Milavsky: With the increase in the number of professional tax advisers over the years and the tax authorities being made more aware of loopholes, most if not all of the loopholes have been closed. In fact, the tax authorities put in a General Anti-Avoidance Rule known as “GAAR” a number of years back to effectively give the tax authorities unilateral power to challenge any tax filing position. With GAAR in place, tax advisers are less willing and really unable to come up with any aggressive tax structure that would guarantee no challenge by the tax authorities. This effectively takes away much of the creativity of the tax advisers and places them more in a pure compliance role.

Keeping: The far more interesting thing to talk about concerns tax minimization.

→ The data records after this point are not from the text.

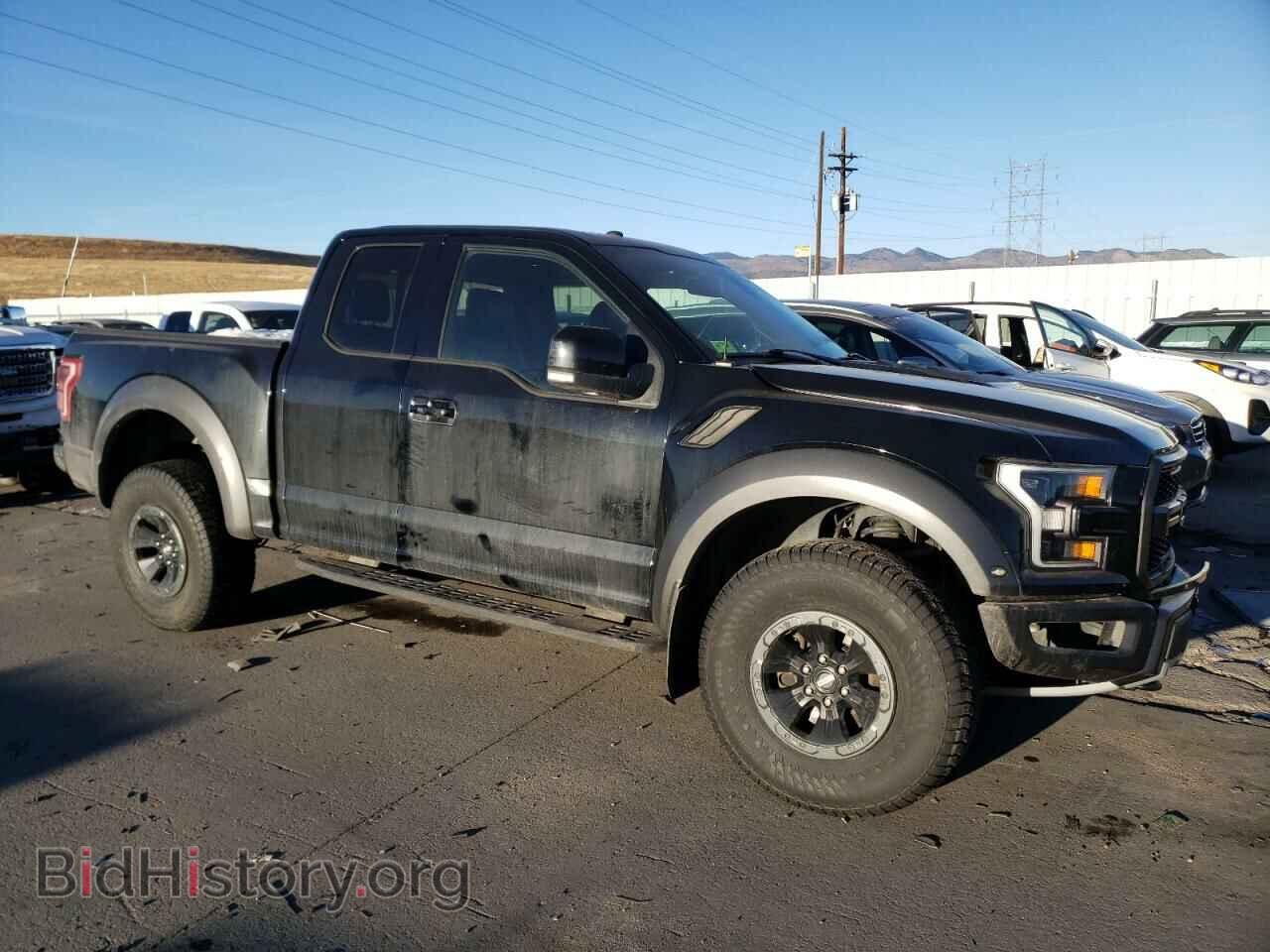 2018 FORD F150 - VIN: 1FTEX1RG1JFB92650 - Фото 4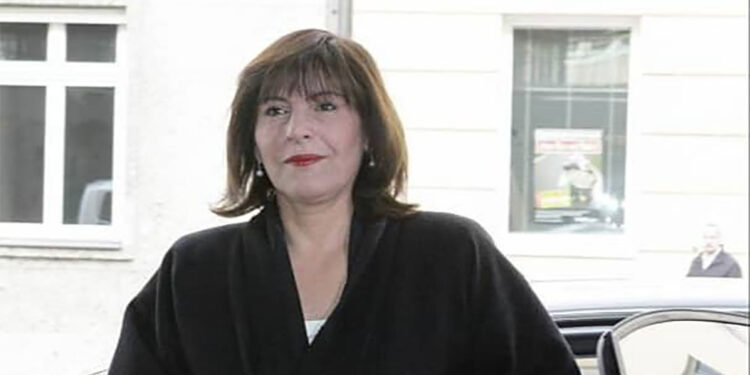 IN MEMORIAM : Илинка Митрева (1950-2022)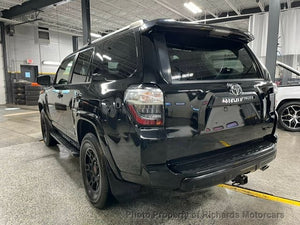 2018 Toyota 4Runner TRD Pro 4WD (C15186A)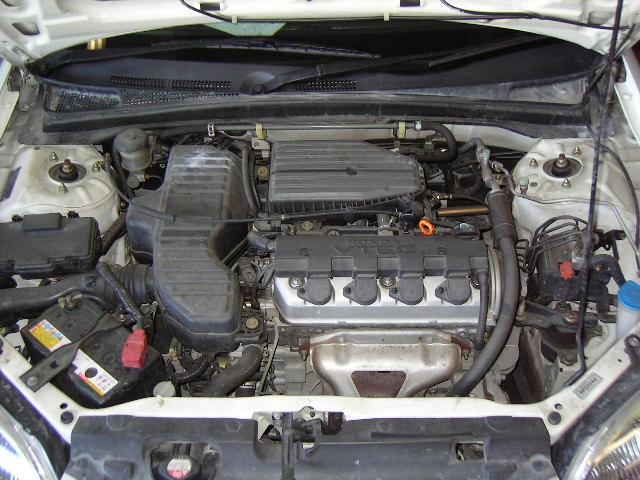 2000 Honda Civic picture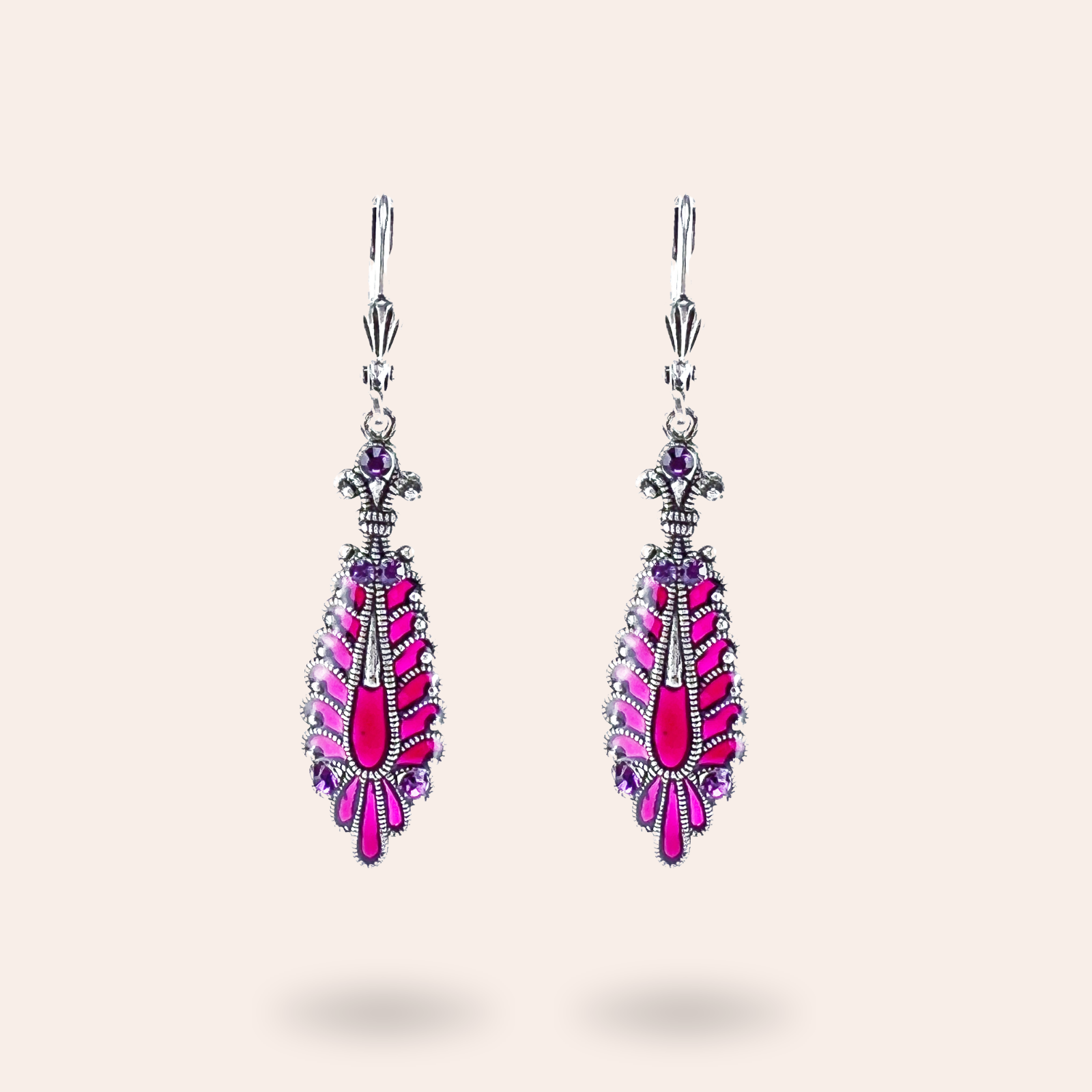 Boucles d'oreilles Amanda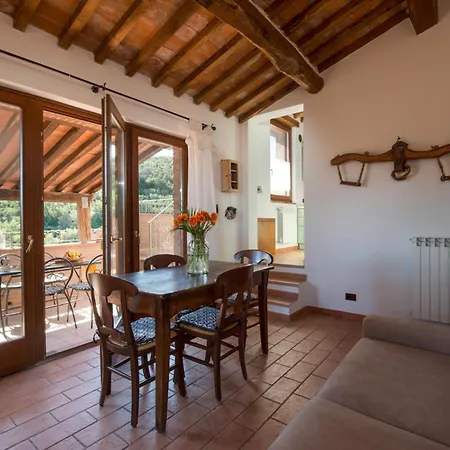 Podere La Tona Casa Giannetto
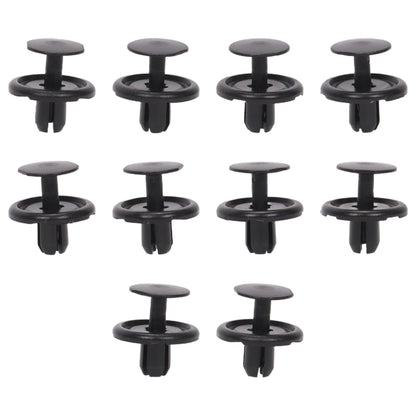 Fästclips Toyota Auris/Aygo m.fl. – 10-pack – fäste Klamra instalacyjna
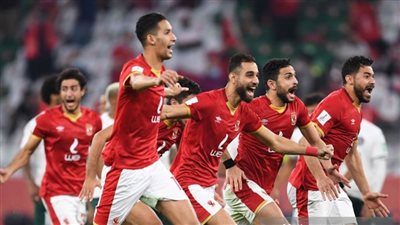 الأهلي ثالث أبطال العالم للمرة الثانية في تاريخه بعد فوزه على بالميراس البرازيلى 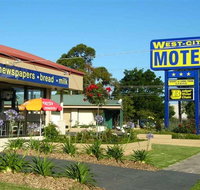 West City Motel - Accommodation Europe
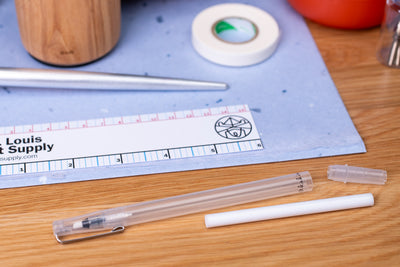 Color Liner Kit, Chisel Tip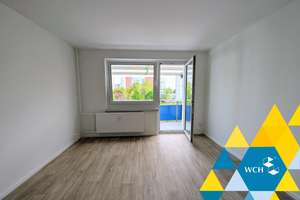 Familienfreundliche 4-Raum Wohnung mit Badewanne und Blick ins Grüne – Straße Usti nad Labem 65, 9119 Kappel, Chemnitz – Vorschaubild 1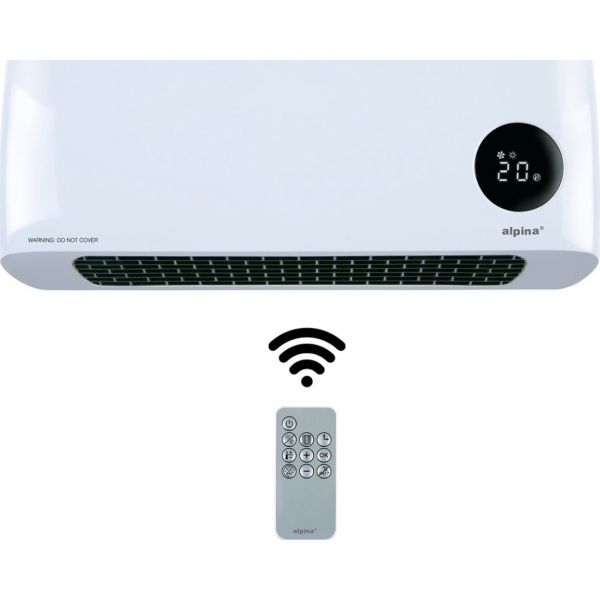 Convetor Alpina 00278 2000W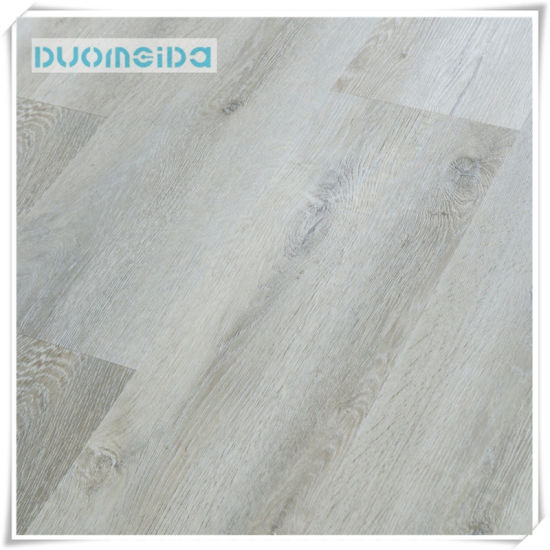 Click System Floor PVC Wood Vinyl Tile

We’re taught as lawyers that taxation legislation is a different kind of legislation; it’s always to be construed as against the government. Hence you have this whole legitimate, at least legally speaking, activity of designing your own operations and activities so as to minimize taxation.

And most of us take advantage of the basic tools. It’s not so much a question of clear public policy, but we begin to feel a bit uncomfortable, if we are people of conscience, about taking tax-minimization strategies that are available, but that maybe have not been well thought out. We may think we shouldn’t be taking advantage of them.

For example, when I was ready to go to work as a lawyer, I set up a small consulting firm with a classmate, and an accountant said, “If you’re now running a consulting firm, you can deduct a portion of the mortgage payments on your house.”

I told him that I have an office and that’s where I do my work, and I’m not going to take a deduction on the mortgage payments on my house.

One of the things that worries me when accountants give you this kind of advice is that while I don’t know what the exact rule is in the eyes of the law, I certainly don’t want to be on the wrong side of it. And to just say that some accountant told me that I could deduct up to 20% or 25 % of my mortgage payments, I think, isn’t good enough. And if you combine that with a misgiving that I had under the circumstances, which was, “OK, I am running this consulting business but I’m not going to use my house to carry out that work,” that’s where I draw the line. I don’t care if the rules allow me to deduct a certain percentage.